Introduction

Limitations of Existing Systems

We observe two major limitations based on our profiling of the previous RLHF systems, as shown in the Timeline Figure.

timeline

Timeline Figure

Execution timelines of ReaL and existing systems based on profiling.

First, when models are distributed to every GPU node that applies the same parallelization strategy, such as in DeepSpeed-Chat, it is often over-parallelized. Over-parallelization leads to substantial synchronization and communication overhead (the light purple bars).

An alternative way is to assign different models to different GPU nodes, where models can execute concurrently, such as OpenRLHF. However, our second observation is that such asymmetric parallelization often causes under-utilization of the GPUs (e.g., the gray areas) because of the dependencies between tasks.

The key idea of ReaL is to enable dynamic reallocation of model parameters between GPUs to improve the efficiency of the entire RLHF training process.

By first choosing a parallelization strategy tailored for each computation workload (e.g., pipelining for Generation and tensor parallelism for Training) and then executing these calls concurrently with a smaller parallelization degree (e.g., Actor and Critic in Training), we can eliminate redundant communication while maximizing GPU utilization, effectively addressing the limitations of prior solutions.

Performance Comparison

We show throughput comparison with the state-of-the-art open-source systems in the following figure.
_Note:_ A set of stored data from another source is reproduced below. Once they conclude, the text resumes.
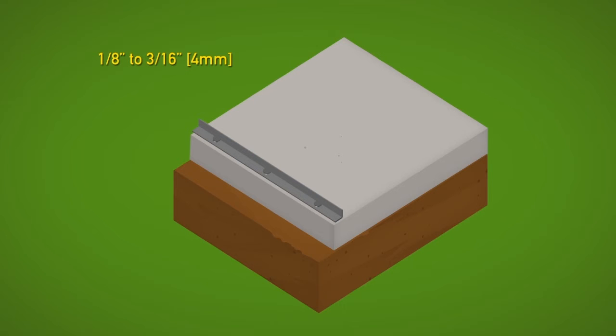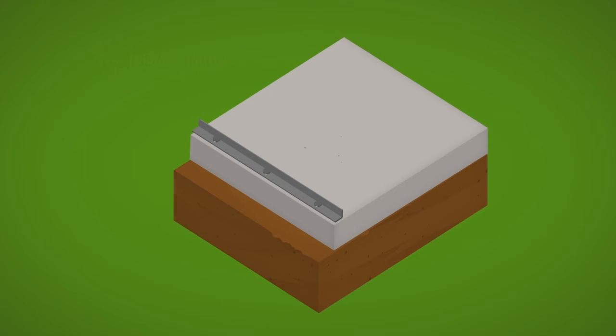But for larger concrete foundation slabs that do require contraction control joints, the joint width should be one centimeter, three-eighths inch.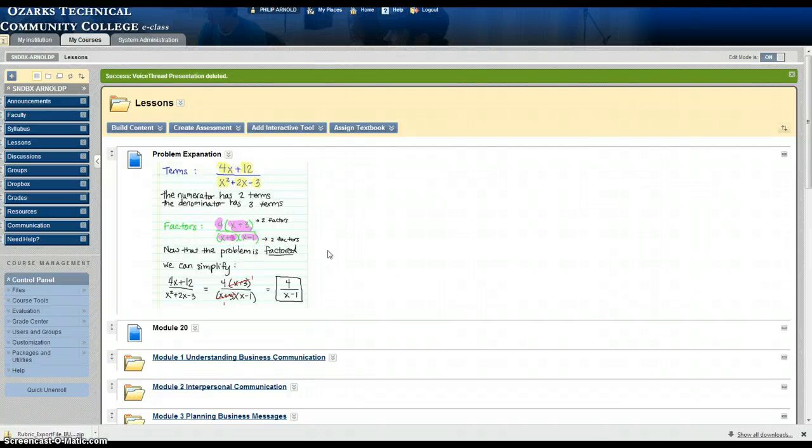In this video I'm going to show you how to import a rubric, how to associate a rubric with an assignment, and how to grade using the rubric.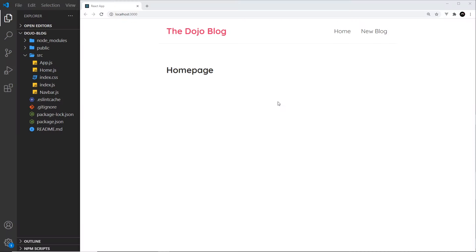When we have a website, typically there are loads of different events going on — things like hover events, click events, form submission events, keyboard events, scroll events. In this video we're just going to look at click events, which is when a user clicks on something, and I'm going to show you how to react to those events by running some code.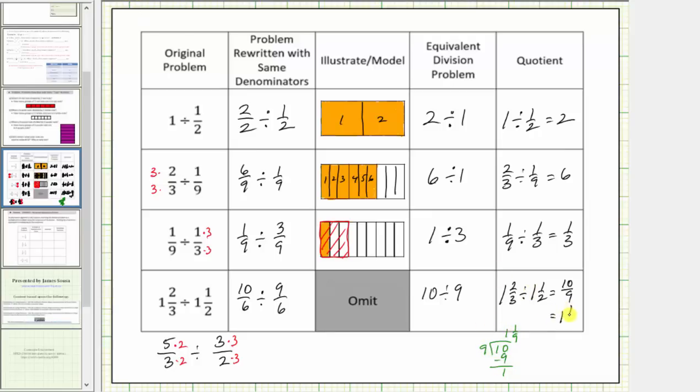So while normally we only reserve obtaining a common denominator for adding and subtracting fractions, here we see it can be very helpful when dividing fractions as well.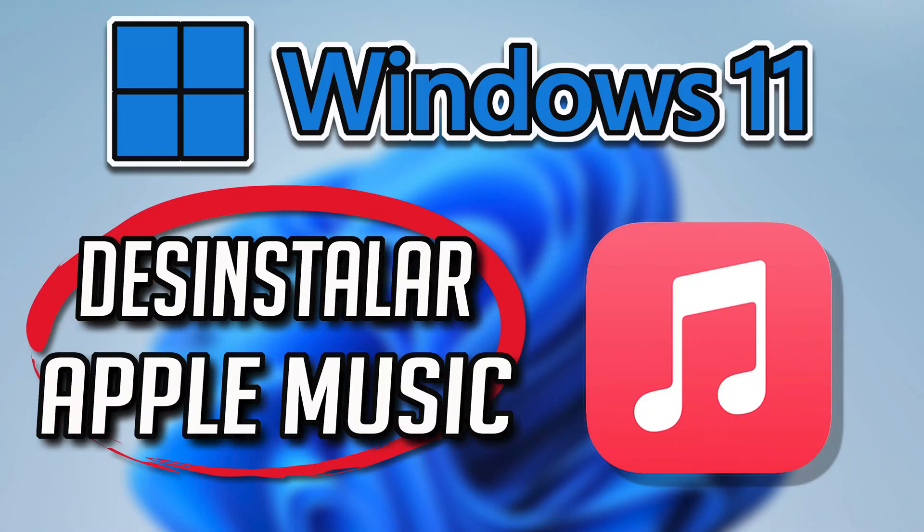If you want to uninstall Apple Music because you want to reinstall it or because it's taking too much space, then watch this tutorial to learn how to uninstall Apple Music on Windows 11 and Windows 10 in a quick and easy way.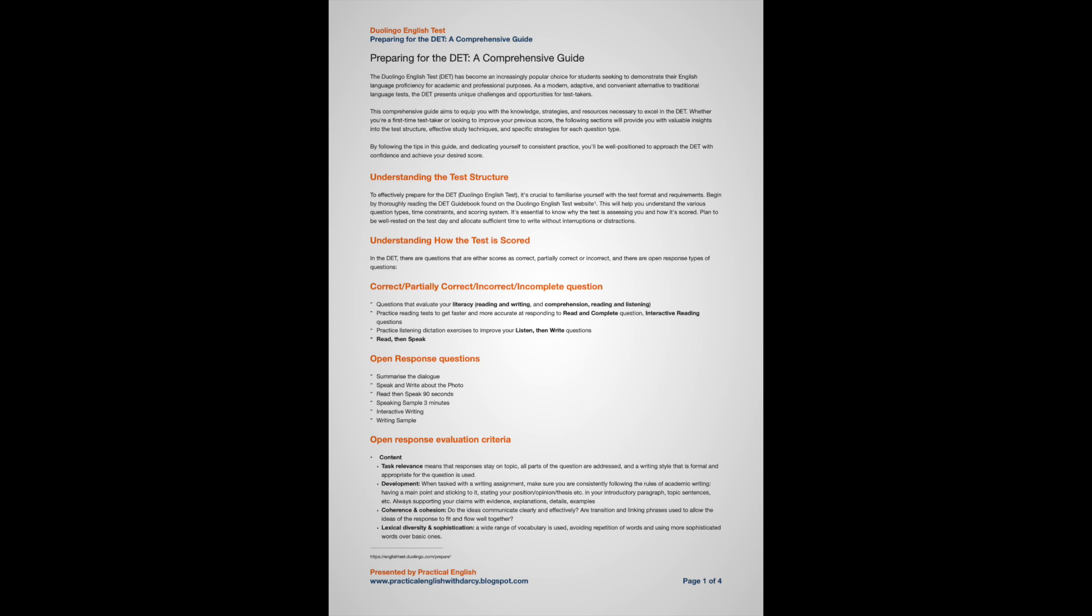Let's say that your overall score is 105, and your literacy and your comprehension scores are somewhere between 110 and 115. Here we see these sub-scores. Questions that evaluate your literacy, reading and writing, and comprehension, reading and listening. You can expect to get between 110 and 115 on literacy and comprehension type of questions.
(In the following figure, as the number of GPUs increases, the model size scales up from LLaMA 7B, LLaMA 13B, and CodeLLaMA 34B, to the largest LLaMA 70B.)

_images/vws.svg

System

DeepSpeedChat

OpenRLHF

ReaL

Time (hours)

141.5

152.8

17.0

We also show the estimated time for completing the entire full-scale 4*70B RLHF training process, composed of 4 iterations with 400 steps for each iteration as for LLaMA-2.